From: | Fujii Masao <masao(dot)fujii(at)oss(dot)nttdata(dot)com> |
---|---|
To: | torikoshia <torikoshia(at)oss(dot)nttdata(dot)com> |
Cc: | Ian Lawrence Barwick <barwick(at)gmail(dot)com>, Robert Haas <robertmhaas(at)gmail(dot)com>, Justin Pryzby <pryzby(at)telsasoft(dot)com>, pgsql-hackers <pgsql-hackers(at)postgresql(dot)org> |
Subject: | Re: adding wait_start column to pg_locks |
Date: | 2021-02-15 06:17:51 |
Message-ID: | 655f1a5b-4fa8-53ba-c3e2-8cee31587d37@oss.nttdata.com |
Views: | Raw Message | Whole Thread | Download mbox | Resend email |
Thread: | |
Lists: | pgsql-hackers |
On 2021/02/10 10:43, Fujii Masao wrote:
>
>
> On 2021/02/09 23:31, torikoshia wrote:
>> On 2021-02-09 22:54, Fujii Masao wrote:
>>> On 2021/02/09 19:11, Fujii Masao wrote:
>>>>
>>>>
>>>> On 2021/02/09 18:13, Fujii Masao wrote:
>>>>>
>>>>>
>>>>> On 2021/02/09 17:48, torikoshia wrote:
>>>>>> On 2021-02-05 18:49, Fujii Masao wrote:
>>>>>>> On 2021/02/05 0:03, torikoshia wrote:
>>>>>>>> On 2021-02-03 11:23, Fujii Masao wrote:
>>>>>>>>>> 64-bit fetches are not atomic on some platforms.
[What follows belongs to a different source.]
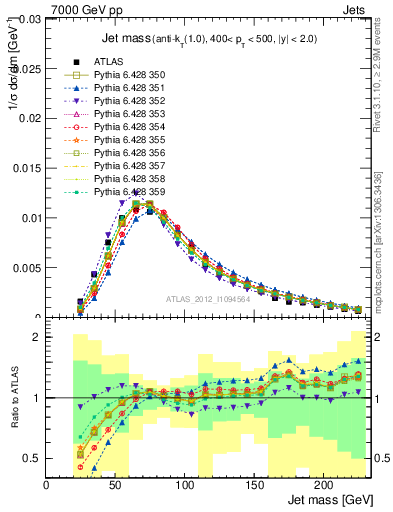 Plot of j.m in 7000 GeV pp collisions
So spinlock is necessary when updating "waitStart" without holding the partition lock? Also GetLockStatusData() needs spinlock when reading "waitStart"?
>>>>>>>>>
>>>>>>>>> Also it might be worth thinking to use 64-bit atomic operations like
>>>>>>>>> pg_atomic_read_u64(), for that.
>>>>>>>>
>>>>>>>> Thanks for your suggestion and advice!
>>>>>>>>
>>>>>>>> In the attached patch I used pg_atomic_read_u64() and pg_atomic_write_u64().
>>>>>>>>
>>>>>>>> waitStart is TimestampTz i.e., int64, but it seems pg_atomic_read_xxx and pg_atomic_write_xxx only supports unsigned int, so I cast the type.
>>>>>>>>
>>>>>>>> I may be using these functions not correctly, so if something is wrong, I would appreciate any comments.
>>>>>>>>
>>>>>>>>
>>>>>>>> About the documentation, since your suggestion seems better than v6, I used it as is.
>>>>>>>
>>>>>>> Thanks for updating the patch!
>>>>>>>
>>>>>>> + if (pg_atomic_read_u64(&MyProc->waitStart) == 0)
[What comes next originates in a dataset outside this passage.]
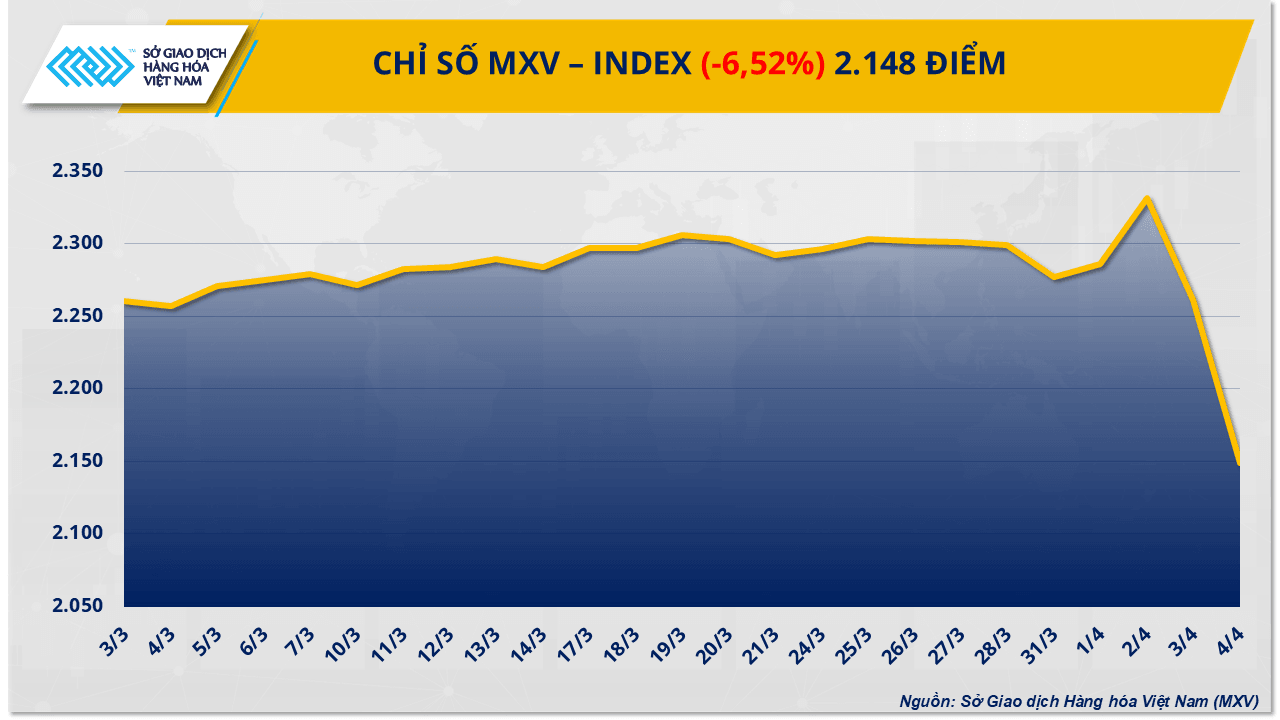 mxv-index.png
>>>>>>> + pg_atomic_write_u64(&MyProc->waitStart,
>>>>>>> + pg_atomic_read_u64((pg_atomic_uint64 *) &now));
>>>>>>>
>>>>>>> pg_atomic_read_u64() is really necessary? I think that
>>>>>>> "pg_atomic_write_u64(&MyProc->waitStart, now)" is enough.
>>>>>>>
>>>>>>> + deadlockStart = get_timeout_start_time(DEADLOCK_TIMEOUT);
>>>>>>> + pg_atomic_write_u64(&MyProc->waitStart,
>>>>>>> + pg_atomic_read_u64((pg_atomic_uint64 *) &deadlockStart));
>>>>>>>
>>>>>>> Same as above.
>>>>>>>
>>>>>>> + /*
>>>>>>> + * Record waitStart reusing the deadlock timeout timer.
>>>>>>> + *
>>>>>>> + * It would be ideal this can be synchronously done with updating
>>>>>>> + * lock information. Howerver, since it gives performance impacts
>>>>>>> + * to hold partitionLock longer time, we do it here asynchronously.
>>>>>>> + */
>>>>>>>
>>>>>>> IMO it's better to comment why we reuse the deadlock timeout timer.
>>>>>>>
>>>>>>> proc->waitStatus = waitStatus;
>>>>>>> + pg_atomic_init_u64(&MyProc->waitStart, 0);
>>>>>>>
>>>>>>> pg_atomic_write_u64() should be used instead? Because waitStart can be
>>>>>>> accessed concurrently there.
>>>>>>>
>>>>>>> I updated the patch and addressed the above review comments. Patch attached.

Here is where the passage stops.